▶ **Data shown**:

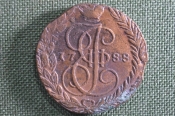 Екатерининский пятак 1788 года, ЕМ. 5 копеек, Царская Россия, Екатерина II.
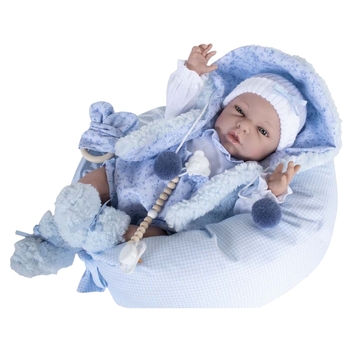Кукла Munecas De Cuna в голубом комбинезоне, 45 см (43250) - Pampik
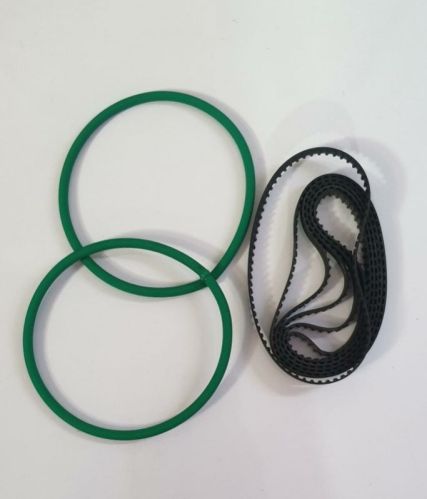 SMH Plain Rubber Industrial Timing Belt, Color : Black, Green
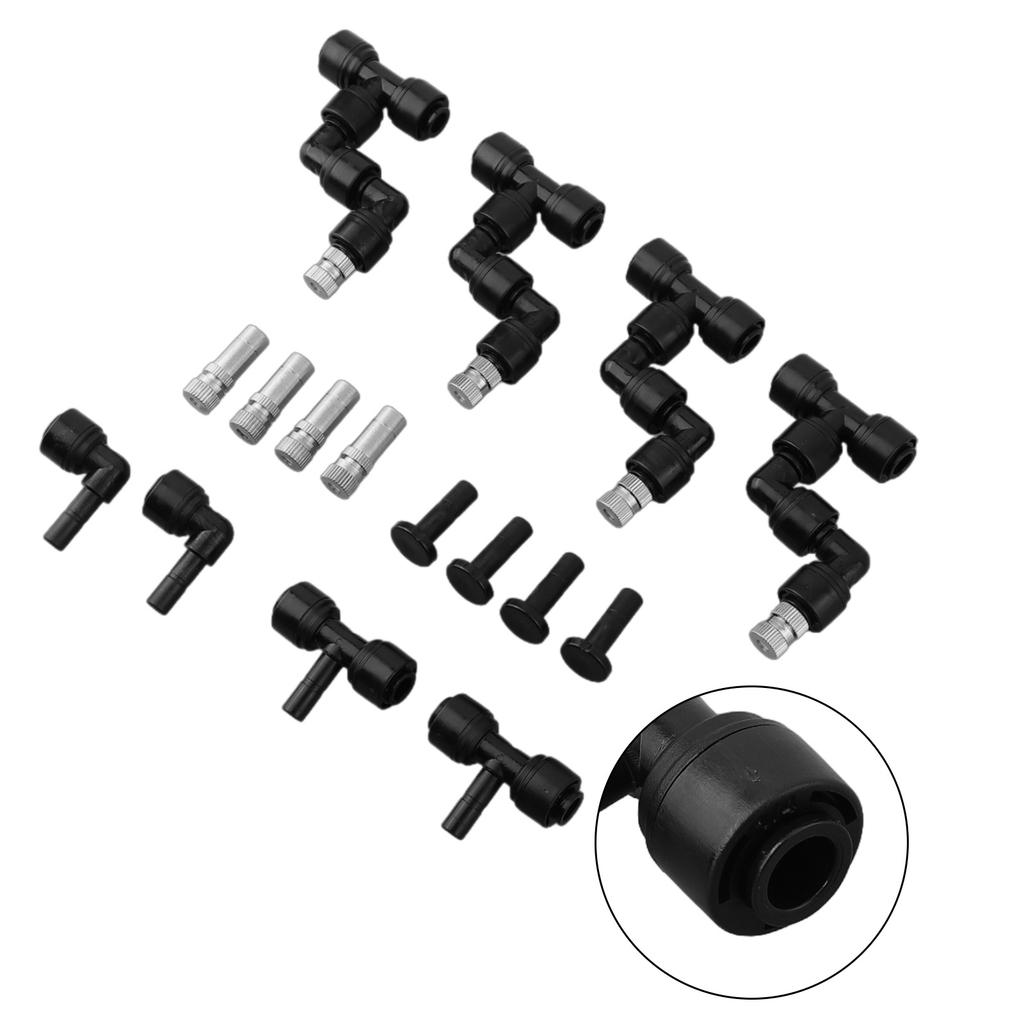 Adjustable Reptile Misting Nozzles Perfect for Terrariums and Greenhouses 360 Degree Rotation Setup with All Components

* * *

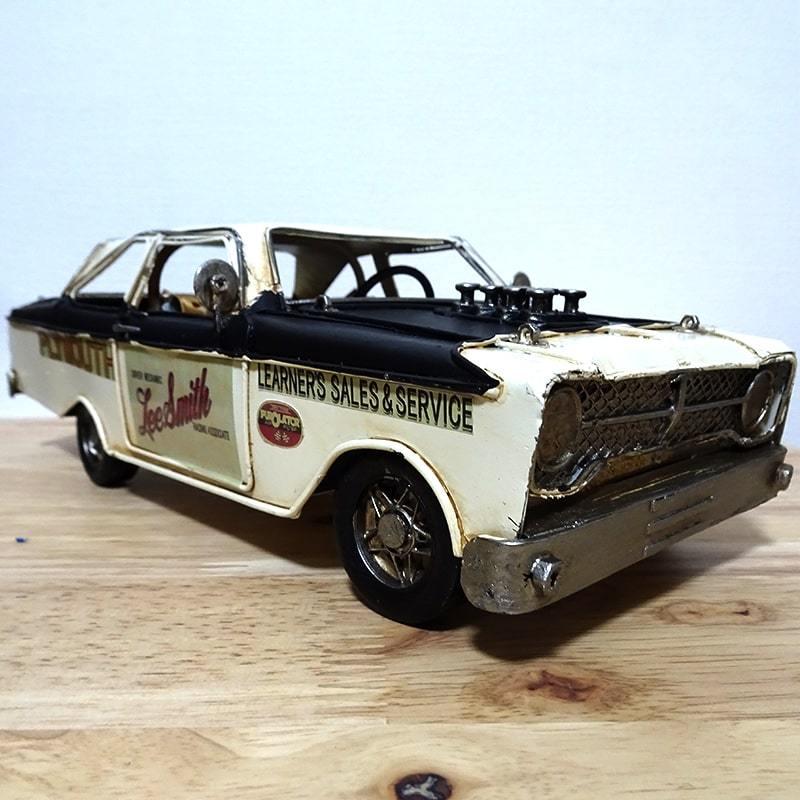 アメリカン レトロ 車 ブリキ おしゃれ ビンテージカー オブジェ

▶ **Aim of the exercise**:
Write back the stretch of lines above that begins with the line holding "Екатерининский пятак 1788" and ends with the line holding "Adjustable Reptile Misting", both included, exactly as written. Pictures stay out.

▶ **Output**:
 Екатерининский пятак 1788 года, ЕМ. 5 копеек, Царская Россия, Екатерина II.
Кукла Munecas De Cuna в голубом комбинезоне, 45 см (43250) - Pampik
 SMH Plain Rubber Industrial Timing Belt, Color : Black, Green
 Adjustable Reptile Misting Nozzles Perfect for Terrariums and Greenhouses 360 Degree Rotation Setup with All Components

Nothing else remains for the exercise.